_Your goal_
Please copy exactly the part of the records below that opens with the line containing "2021 DACİA DUSTER" and closes with the line containing "PfingsTTurnier-2024 Fotografin Manuela 112", leaving out any pictures.

_Data records_
********************

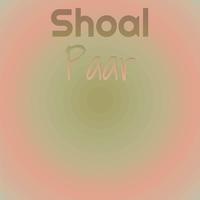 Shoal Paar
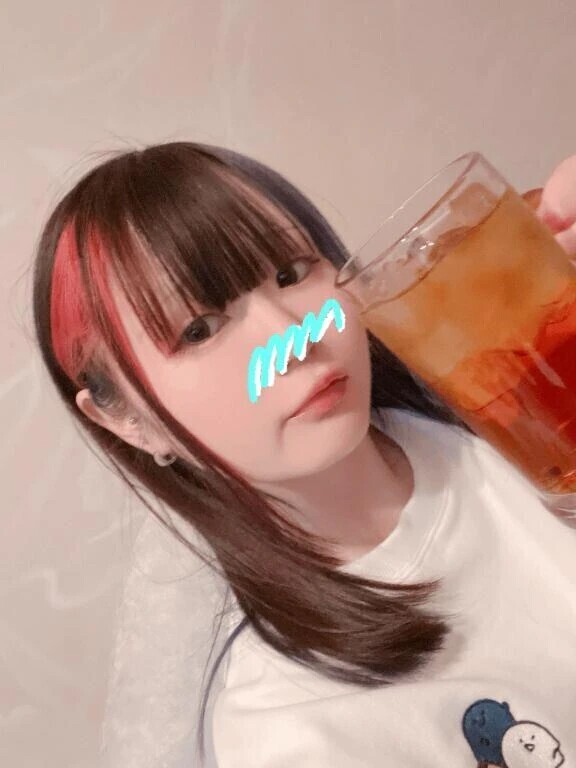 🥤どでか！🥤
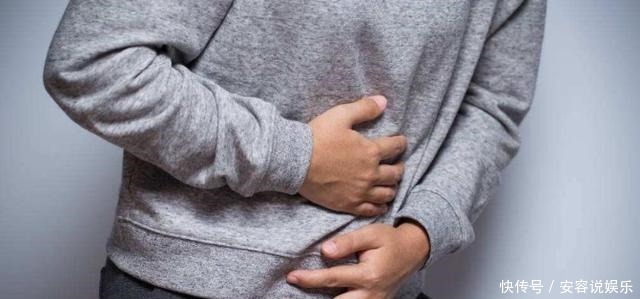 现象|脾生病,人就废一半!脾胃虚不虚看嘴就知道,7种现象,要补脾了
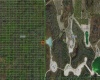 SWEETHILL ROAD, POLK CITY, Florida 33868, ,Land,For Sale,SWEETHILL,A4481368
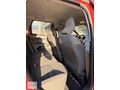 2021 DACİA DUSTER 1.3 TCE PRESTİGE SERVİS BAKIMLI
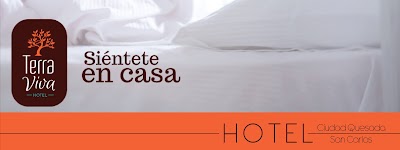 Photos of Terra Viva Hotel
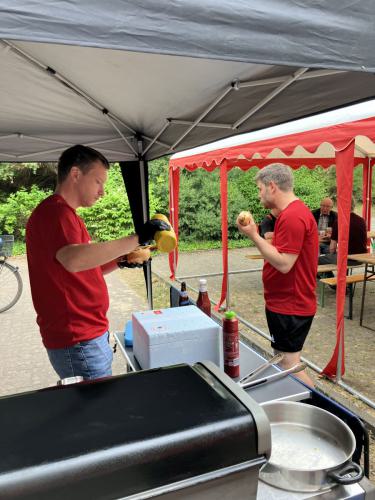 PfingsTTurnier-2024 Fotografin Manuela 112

********************

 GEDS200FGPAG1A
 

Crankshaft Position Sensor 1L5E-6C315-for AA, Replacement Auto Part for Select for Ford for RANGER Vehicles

********************

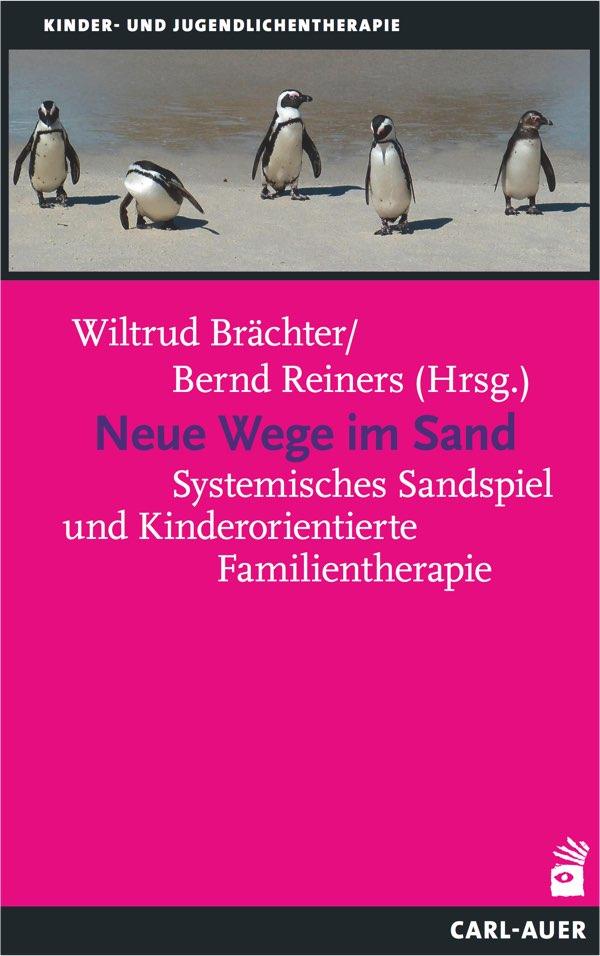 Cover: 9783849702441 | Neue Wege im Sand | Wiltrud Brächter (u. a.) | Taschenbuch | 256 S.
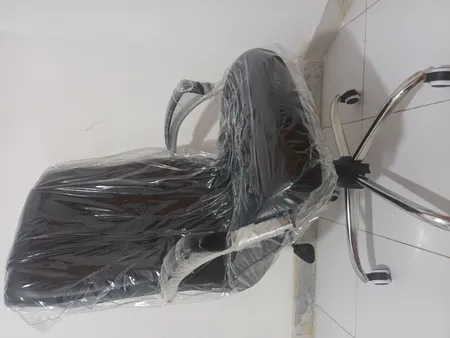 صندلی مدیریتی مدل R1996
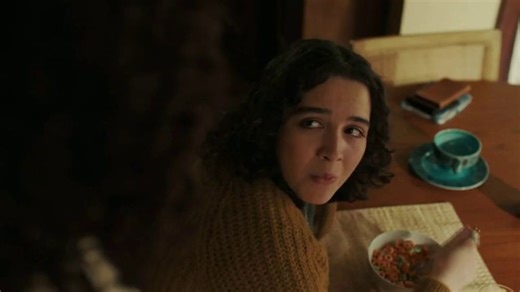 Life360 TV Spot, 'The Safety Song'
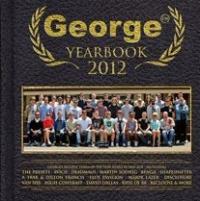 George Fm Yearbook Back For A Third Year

********************

_Result_
 2021 DACİA DUSTER 1.3 TCE PRESTİGE SERVİS BAKIMLI
 Photos of Terra Viva Hotel
 PfingsTTurnier-2024 Fotografin Manuela 112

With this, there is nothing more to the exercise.